◆ Extracted entries
________

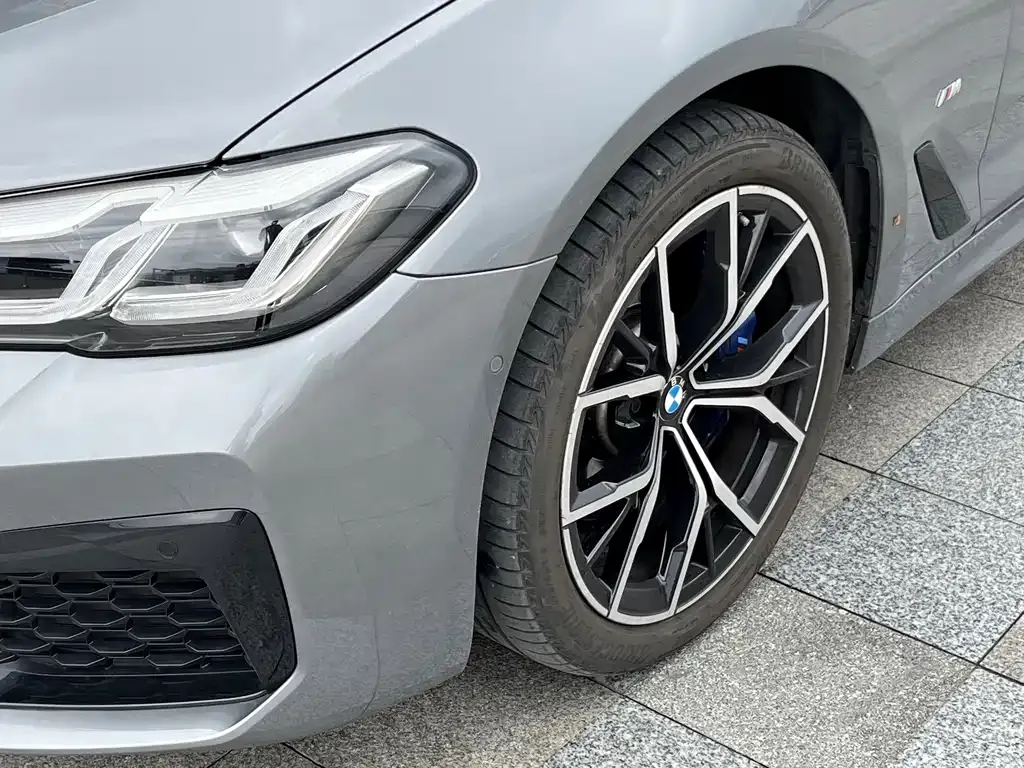 BMW 5 Series (Import) — фото 2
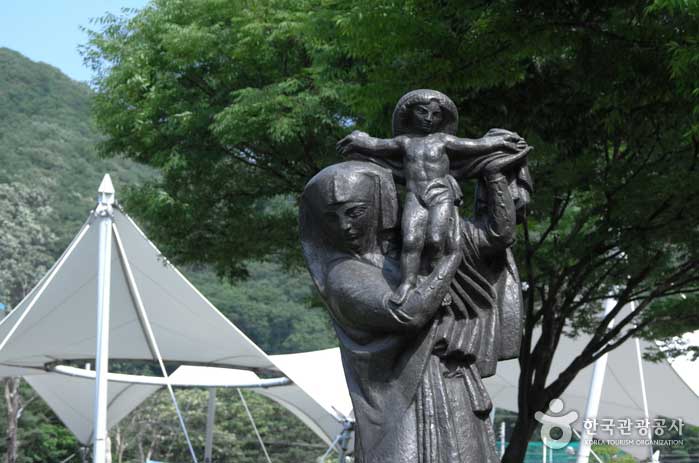 Escultura de Bourdel <Nuestra Señora con Ofrendas> - Yangju, Gyeonggi-do, Corea (https://codecorea.github.io)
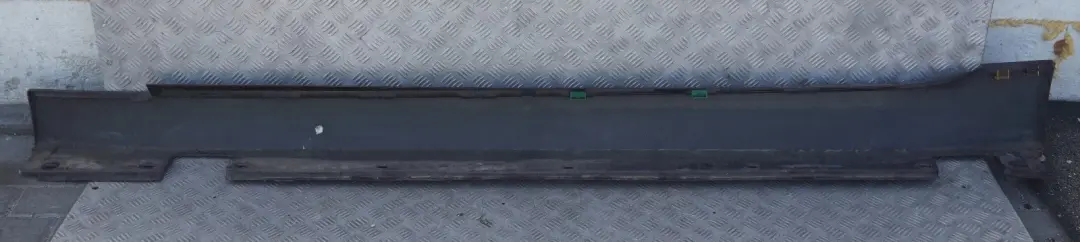 Nakładka listwa na próg prawy do BMW E60 LCI o numerze 0422465 BMW E60 LCI Nakładka listwa na próg prawy - SKU 0422465-BAR - Numer Części 0422465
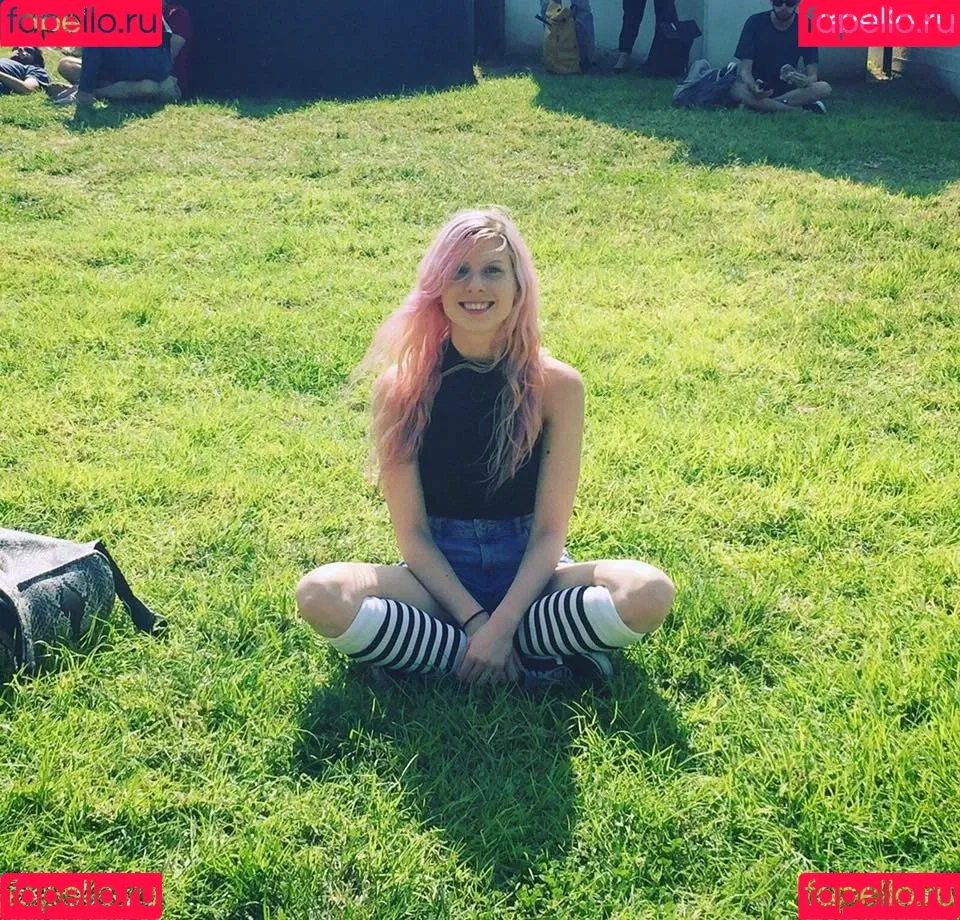 May K Onlyfans Photo Gallery 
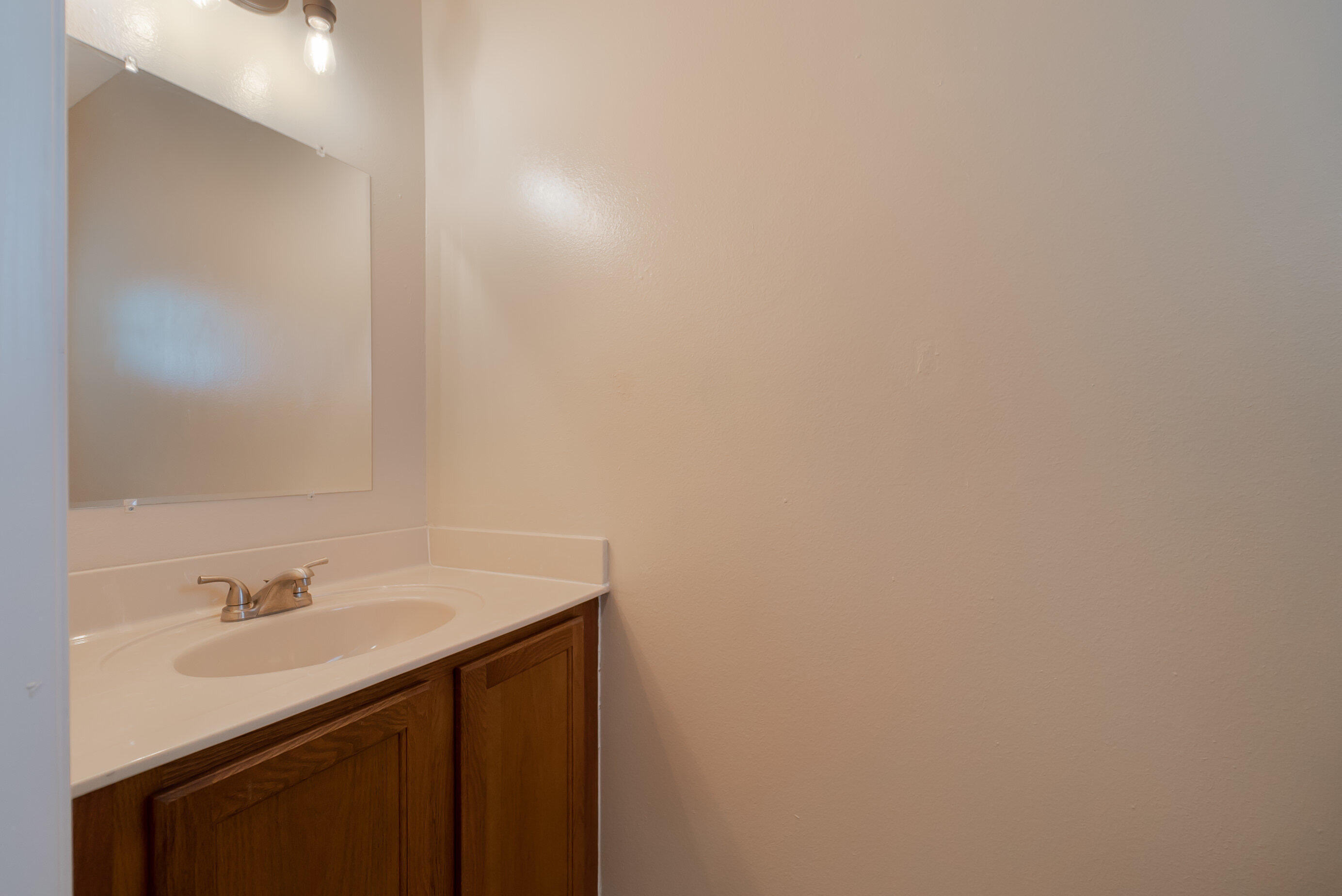 2146 OAKMONT, Riviera Beach FL 33404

________

◆ What you need to do
Without the pictures, restate all of the entries above verbatim.

◆ Response to the task
 BMW 5 Series (Import) — фото 2
 Escultura de Bourdel <Nuestra Señora con Ofrendas> - Yangju, Gyeonggi-do, Corea (https://codecorea.github.io)
 Nakładka listwa na próg prawy do BMW E60 LCI o numerze 0422465 BMW E60 LCI Nakładka listwa na próg prawy - SKU 0422465-BAR - Numer Części 0422465
 May K Onlyfans Photo Gallery 
 2146 OAKMONT, Riviera Beach FL 33404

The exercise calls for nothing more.